Boy, where is John Nolen when you need him? (Answer: He died in 1937.)
As Rimbey's accompanying story illustrates, you have to have good planning and a commitment by a city to create its future rather than be led around willy-nilly by forces that may not have the public's best interests at heart. The very same issues that 1920s Tampa Bay faced (a real estate boom, its aftermath and a lack of vision) remain issues today.
Over the past two decades, anyone living in Tampa has seen several planning efforts either fall apart (Committee of 99 and its transportation improvements a decade ago) or come to a conclusion, only to have its results sit on a dusty shelf in a pretty binder. We've seen high profile planning exercises, such as the Legos of the One Bay movement. The problem with Tampa, public officials and planners used to tell me when I was on the daily newspaper government beat, isn't that it lacks a plan, its that it has too many of them that were never followed.
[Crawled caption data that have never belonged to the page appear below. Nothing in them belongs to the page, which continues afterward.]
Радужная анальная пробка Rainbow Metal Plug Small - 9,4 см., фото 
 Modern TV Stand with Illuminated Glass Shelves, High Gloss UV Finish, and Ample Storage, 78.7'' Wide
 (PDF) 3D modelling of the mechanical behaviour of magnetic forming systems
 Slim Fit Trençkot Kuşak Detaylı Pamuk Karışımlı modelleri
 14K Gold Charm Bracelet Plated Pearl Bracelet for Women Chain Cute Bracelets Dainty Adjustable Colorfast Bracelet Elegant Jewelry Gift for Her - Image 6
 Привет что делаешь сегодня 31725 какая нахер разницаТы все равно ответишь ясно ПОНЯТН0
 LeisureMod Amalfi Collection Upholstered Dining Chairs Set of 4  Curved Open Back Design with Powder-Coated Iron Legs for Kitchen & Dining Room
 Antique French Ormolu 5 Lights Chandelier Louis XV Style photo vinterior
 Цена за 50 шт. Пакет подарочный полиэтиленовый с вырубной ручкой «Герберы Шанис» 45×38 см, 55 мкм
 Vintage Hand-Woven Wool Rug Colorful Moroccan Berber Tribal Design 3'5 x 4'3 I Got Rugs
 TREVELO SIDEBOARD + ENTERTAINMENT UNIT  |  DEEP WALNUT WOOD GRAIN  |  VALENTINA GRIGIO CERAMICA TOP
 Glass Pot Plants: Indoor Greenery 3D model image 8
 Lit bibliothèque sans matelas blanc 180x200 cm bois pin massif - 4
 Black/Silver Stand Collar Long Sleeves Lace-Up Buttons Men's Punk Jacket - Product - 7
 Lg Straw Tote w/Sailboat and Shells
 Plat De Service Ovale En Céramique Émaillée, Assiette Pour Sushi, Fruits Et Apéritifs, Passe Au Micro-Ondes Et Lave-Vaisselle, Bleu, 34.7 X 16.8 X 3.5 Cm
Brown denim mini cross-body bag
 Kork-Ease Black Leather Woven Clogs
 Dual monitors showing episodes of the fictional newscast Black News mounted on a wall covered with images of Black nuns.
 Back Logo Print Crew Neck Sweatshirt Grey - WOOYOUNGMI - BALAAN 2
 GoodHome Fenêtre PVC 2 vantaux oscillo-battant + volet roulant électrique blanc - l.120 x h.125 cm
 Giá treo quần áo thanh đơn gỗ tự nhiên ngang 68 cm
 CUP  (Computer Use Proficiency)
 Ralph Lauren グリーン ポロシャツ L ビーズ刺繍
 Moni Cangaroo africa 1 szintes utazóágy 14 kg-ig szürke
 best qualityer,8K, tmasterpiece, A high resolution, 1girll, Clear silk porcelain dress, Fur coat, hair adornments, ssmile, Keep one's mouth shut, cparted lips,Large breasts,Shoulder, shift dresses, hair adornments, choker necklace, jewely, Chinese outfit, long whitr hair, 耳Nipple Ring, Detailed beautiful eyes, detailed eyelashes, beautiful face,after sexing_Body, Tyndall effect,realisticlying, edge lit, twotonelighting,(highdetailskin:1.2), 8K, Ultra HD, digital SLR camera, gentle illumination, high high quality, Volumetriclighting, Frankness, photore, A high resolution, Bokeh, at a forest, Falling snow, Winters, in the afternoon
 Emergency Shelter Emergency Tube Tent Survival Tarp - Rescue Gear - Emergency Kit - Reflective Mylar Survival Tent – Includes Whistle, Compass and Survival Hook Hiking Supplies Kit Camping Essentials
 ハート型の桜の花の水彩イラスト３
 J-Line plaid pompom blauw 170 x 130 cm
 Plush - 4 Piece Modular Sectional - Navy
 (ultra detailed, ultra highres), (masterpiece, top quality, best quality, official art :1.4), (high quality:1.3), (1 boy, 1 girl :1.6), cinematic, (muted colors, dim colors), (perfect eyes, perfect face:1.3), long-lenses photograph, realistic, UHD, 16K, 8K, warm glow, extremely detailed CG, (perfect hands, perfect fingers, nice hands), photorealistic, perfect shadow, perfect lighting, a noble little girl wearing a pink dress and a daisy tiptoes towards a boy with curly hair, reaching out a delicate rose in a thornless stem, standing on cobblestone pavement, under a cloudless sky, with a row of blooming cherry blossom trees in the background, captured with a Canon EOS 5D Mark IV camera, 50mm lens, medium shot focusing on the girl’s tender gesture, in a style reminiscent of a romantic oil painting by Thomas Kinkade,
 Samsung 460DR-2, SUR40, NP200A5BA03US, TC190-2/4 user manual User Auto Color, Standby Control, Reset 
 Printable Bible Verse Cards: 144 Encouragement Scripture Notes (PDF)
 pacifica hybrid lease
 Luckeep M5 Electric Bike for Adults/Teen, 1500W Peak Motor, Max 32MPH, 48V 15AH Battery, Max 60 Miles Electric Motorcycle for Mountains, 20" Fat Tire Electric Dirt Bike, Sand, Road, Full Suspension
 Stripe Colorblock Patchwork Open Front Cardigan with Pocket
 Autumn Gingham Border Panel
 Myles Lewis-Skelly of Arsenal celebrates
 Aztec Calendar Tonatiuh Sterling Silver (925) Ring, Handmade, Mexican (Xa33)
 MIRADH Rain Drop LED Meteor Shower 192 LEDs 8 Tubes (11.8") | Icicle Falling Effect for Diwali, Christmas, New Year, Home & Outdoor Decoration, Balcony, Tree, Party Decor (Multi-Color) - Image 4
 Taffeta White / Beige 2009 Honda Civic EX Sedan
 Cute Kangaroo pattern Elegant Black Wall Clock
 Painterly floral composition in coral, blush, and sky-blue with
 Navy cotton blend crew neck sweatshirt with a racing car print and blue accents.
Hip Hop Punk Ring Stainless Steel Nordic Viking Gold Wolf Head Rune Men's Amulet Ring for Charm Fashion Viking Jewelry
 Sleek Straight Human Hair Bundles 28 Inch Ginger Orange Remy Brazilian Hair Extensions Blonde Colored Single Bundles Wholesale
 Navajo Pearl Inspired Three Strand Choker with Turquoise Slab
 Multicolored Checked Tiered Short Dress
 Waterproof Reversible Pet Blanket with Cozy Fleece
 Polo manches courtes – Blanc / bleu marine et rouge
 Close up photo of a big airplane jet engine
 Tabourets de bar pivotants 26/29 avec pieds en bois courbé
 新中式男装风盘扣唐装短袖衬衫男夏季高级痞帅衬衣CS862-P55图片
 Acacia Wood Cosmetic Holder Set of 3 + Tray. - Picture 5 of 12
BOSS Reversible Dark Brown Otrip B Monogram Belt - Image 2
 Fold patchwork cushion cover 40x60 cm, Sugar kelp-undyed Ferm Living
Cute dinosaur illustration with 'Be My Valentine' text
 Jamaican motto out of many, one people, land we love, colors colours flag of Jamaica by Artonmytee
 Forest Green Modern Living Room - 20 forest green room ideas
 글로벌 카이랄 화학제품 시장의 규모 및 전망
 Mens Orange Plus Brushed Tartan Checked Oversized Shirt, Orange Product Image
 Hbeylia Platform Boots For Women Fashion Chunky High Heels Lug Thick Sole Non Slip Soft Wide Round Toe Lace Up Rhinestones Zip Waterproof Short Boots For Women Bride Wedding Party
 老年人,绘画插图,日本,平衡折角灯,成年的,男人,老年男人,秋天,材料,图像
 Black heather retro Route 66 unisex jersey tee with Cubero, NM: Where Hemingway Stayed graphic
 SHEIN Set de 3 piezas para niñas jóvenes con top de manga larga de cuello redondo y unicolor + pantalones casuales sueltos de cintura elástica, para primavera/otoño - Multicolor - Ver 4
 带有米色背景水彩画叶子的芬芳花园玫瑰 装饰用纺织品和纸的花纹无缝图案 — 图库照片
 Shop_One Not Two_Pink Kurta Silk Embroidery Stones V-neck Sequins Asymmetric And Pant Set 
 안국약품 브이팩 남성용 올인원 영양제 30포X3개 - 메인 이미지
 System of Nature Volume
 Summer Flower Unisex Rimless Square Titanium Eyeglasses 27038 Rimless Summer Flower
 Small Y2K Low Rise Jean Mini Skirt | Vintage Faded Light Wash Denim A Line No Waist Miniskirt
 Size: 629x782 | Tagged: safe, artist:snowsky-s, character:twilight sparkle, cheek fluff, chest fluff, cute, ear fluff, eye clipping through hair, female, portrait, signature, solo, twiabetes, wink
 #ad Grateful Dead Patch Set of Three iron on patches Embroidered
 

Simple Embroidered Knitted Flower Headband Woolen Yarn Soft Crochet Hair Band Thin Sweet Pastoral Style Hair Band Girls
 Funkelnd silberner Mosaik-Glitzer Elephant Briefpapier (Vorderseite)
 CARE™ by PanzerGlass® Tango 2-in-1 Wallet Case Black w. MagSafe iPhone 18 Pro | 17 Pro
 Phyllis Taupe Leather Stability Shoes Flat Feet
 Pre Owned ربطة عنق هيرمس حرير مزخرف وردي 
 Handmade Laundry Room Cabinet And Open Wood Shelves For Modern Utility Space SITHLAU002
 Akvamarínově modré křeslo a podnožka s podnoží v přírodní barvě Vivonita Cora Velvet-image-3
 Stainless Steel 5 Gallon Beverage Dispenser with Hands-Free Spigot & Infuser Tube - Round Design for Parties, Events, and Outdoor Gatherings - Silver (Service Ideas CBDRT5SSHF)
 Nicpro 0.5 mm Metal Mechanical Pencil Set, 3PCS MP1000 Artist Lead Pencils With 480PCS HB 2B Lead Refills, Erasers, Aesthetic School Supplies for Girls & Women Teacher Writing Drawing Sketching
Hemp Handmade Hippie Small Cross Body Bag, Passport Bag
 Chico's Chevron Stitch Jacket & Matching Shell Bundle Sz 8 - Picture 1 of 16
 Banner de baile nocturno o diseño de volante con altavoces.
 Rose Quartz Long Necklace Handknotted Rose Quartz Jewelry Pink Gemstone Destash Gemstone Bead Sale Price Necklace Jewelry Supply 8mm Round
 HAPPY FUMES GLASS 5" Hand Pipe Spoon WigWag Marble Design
And the redevelopment opportunities remain.
Look at West Tampa, for example. As I wrote about for a cover story three years ago, the neighborhood is ripe for a rethinking and rebirth. It has an urban street grid, with alleyways, that would allow for European-style 3- to 4-story buildings along its major streets. Send growth there instead of sending it out past Riverview in southern Hillsborough County.
But that has not, and is not, happening, despite some activists' and builders' fervent hopes.
But Tampa — and all of Tampa Bay, for that matter — has a shot at a do-over, in the guise of our decisions in 2010 on whether to fund and create a new transportation system.
The referenda — for sure in Hillsborough County, less certain in Pinellas County at this point — are about more than just how many billions of dollars we are going to spend for rail transit systems that will never pay for themselves. They are about planning. They give us the ability to reshape our cities, our region, and to give us better neighborhoods, with more businesses within walking distance of our homes, more jobs that don't require us to make a 45-minute drive across the Howard Frankland Bridge twice a day.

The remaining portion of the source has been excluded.